**Work instruction**
Could you write out the listing below exactly as it stands, leaving out the pictures?

**Material provided**
:::

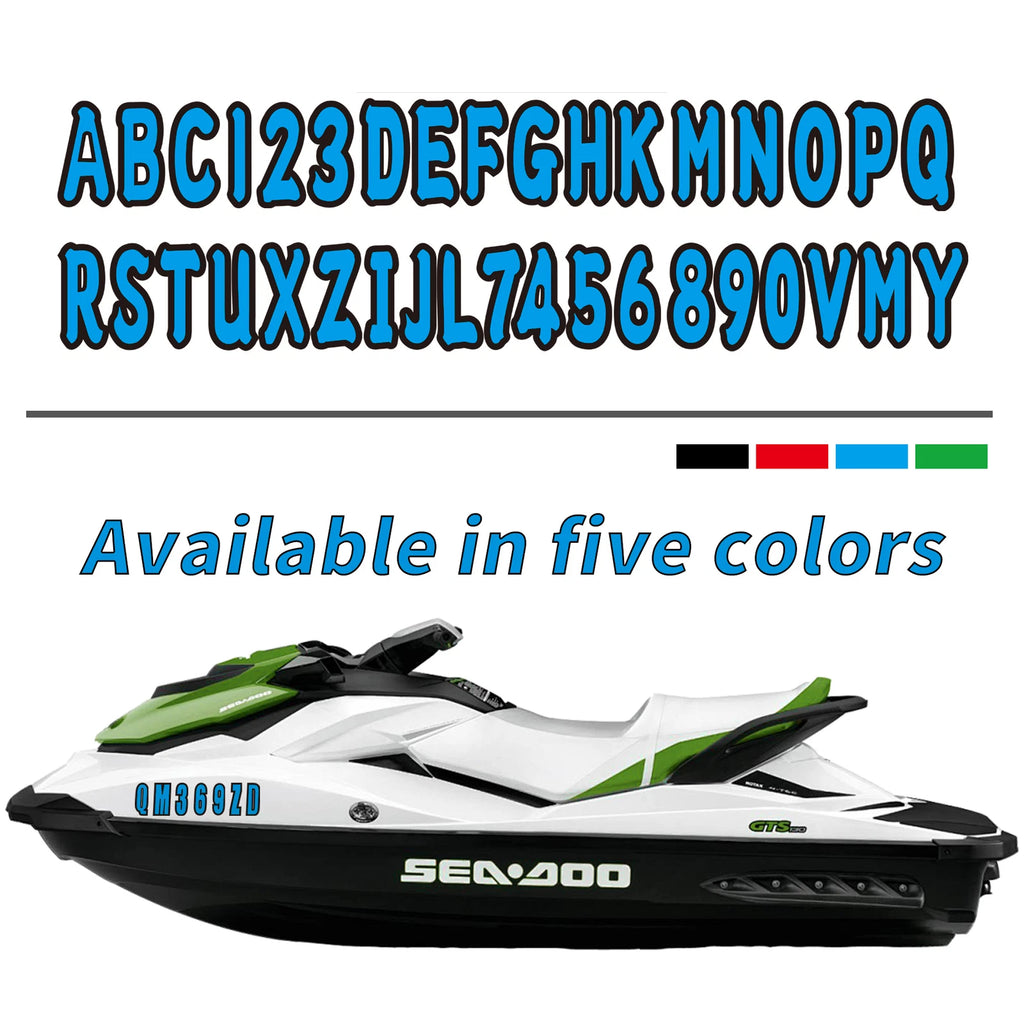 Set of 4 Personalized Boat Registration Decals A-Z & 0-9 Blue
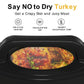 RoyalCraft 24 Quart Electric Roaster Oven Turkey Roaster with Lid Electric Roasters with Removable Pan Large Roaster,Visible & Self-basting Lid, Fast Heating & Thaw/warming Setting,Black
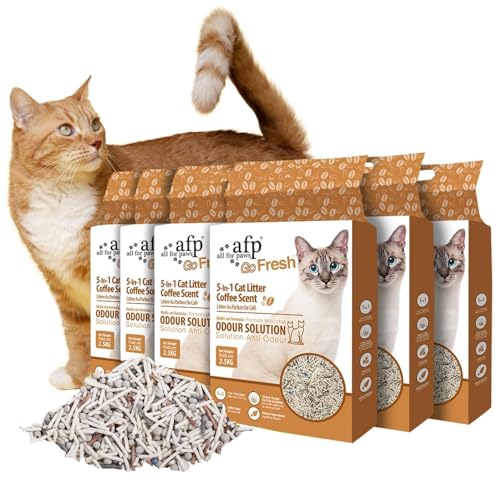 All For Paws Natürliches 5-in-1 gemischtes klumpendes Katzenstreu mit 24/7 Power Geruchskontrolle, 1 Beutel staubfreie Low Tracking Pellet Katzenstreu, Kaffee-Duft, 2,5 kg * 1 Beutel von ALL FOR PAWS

:::

**Answer for this exercise**
 Set of 4 Personalized Boat Registration Decals A-Z & 0-9 Blue
 RoyalCraft 24 Quart Electric Roaster Oven Turkey Roaster with Lid Electric Roasters with Removable Pan Large Roaster,Visible & Self-basting Lid, Fast Heating & Thaw/warming Setting,Black
 All For Paws Natürliches 5-in-1 gemischtes klumpendes Katzenstreu mit 24/7 Power Geruchskontrolle, 1 Beutel staubfreie Low Tracking Pellet Katzenstreu, Kaffee-Duft, 2,5 kg * 1 Beutel von ALL FOR PAWS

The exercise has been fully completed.